The foregoing drawings, discussion, and description are illustrative of specific embodiments of the present invention but they are not meant to be limitations upon the practice thereof. Numerous modifications and variations of the invention will be readily apparent to those of skill in the art in view of the teaching presented herein. It is the claims, including all equivalents, which define the scope of the invention.

Claims

1. A brake torque control apparatus for a motor vehicle comprising:

a suspension support knuckle having at least one elongated portion,

a strain gauge mounted to at least one of the elongated portions,

a control unit operable to receive a signal from the strain gauge, and

a brake caliper mounted on the suspension knuckle and operable to apply a force on a brake disc to create an actual brake torque,

the strain gauge operable to measure a strain of the elongated portion to which it is mounted when the brake caliper applies the force onto the brake disc, whereby the measured strain of the elongated portion by the strain gauge is used to calculate a value of the actual brake torque by the control unit.

2. The brake torque control apparatus of claim 1, wherein the strain gauge is mounted on a top portion of the elongated portion of the suspension knuckle.

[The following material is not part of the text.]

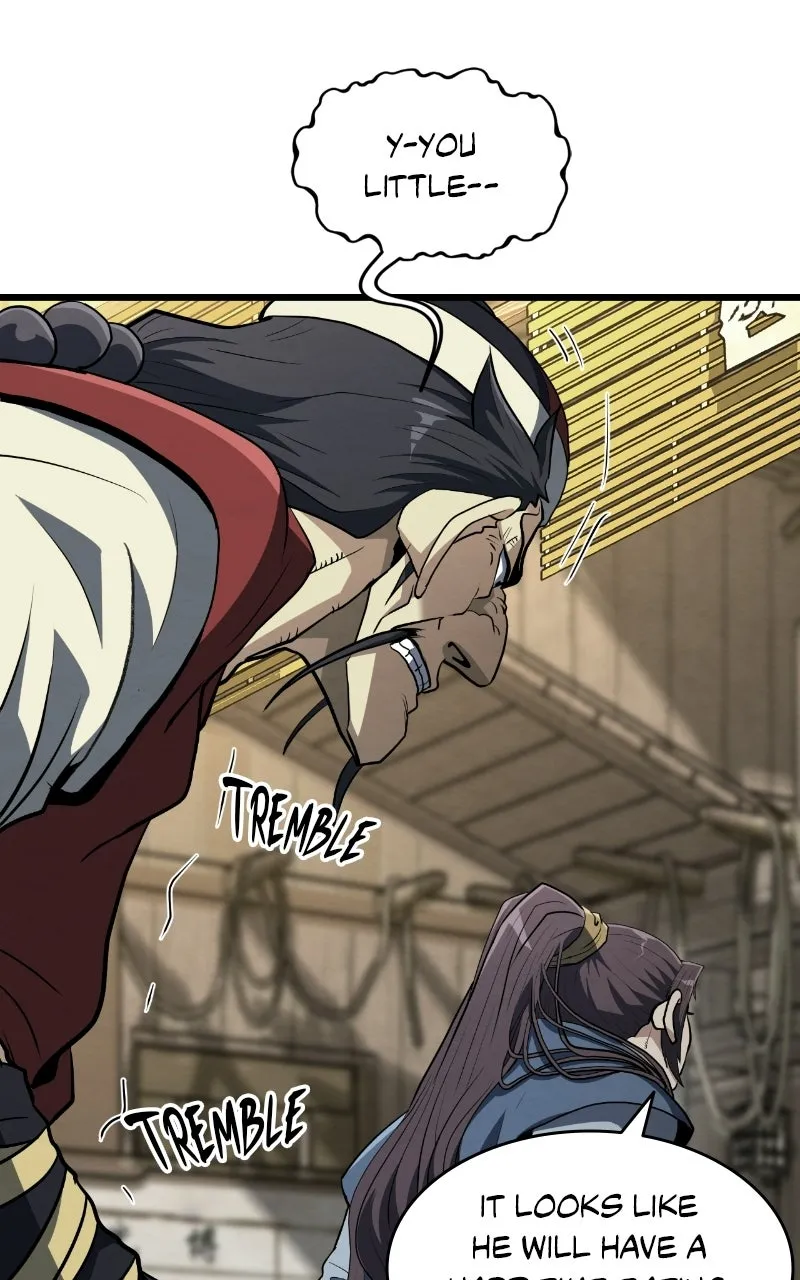 The Mighty Delinquentof the Dan Clan Chapter 8 page 89 - 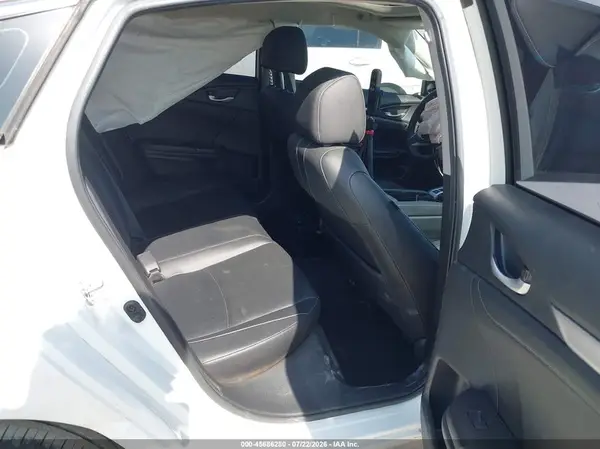 JHMFC1F91JX033853 2018 HONDA CIVIC - Image 8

3. The brake torque control apparatus of claim 1, wherein the strain gauge is mounted on between a bolt and a terminal portion of the elongated portion of the suspension knuckle.

4. The brake torque control apparatus of claim 1, wherein the value of the actual brake torque is compared to a required brake torque by the control unit.

5. The brake torque control apparatus of claim 4, wherein the force applied by the brake caliper to the brake disc is adjusted by the control unit based on the comparison of the measured brake torque and the required brake torque.

6. The brake torque control apparatus of claim 5, wherein the required brake torque is determined by a driver input.

7. The brake torque control apparatus of claim 5, wherein the required brake torque is determined by a driver input and an available regenerative braking system torque.

8. The brake torque control apparatus of claim 7, wherein the available regenerative braking system torque is created by an electric generator.

9. A method for controlling a braking system of a motor vehicle, the method comprising:

providing a driver input, a suspension knuckle with a strain gauge mounted on an elongated portion of the suspension knuckle, a mechanical brake mounted to the suspension knuckle,

determining a requested brake torque from the driver input,

determining a required brake torque,

applying an actual brake torque with the mechanical brake,

calculating a value of the actual brake torque based on a strain of the elongated portion of the suspension knuckle determined with the strain gauge,

comparing the required brake torque to the value of the actual brake torque, and

adjusting the applied actual brake torque created by the mechanical brake based on the comparison of the requested brake torque and the measured brake torque.

10. The method of claim 10 further comprising:

providing a regenerative braking system,

determining an available regenerative braking system torque created by the regenerative braking system before determining a required brake torque.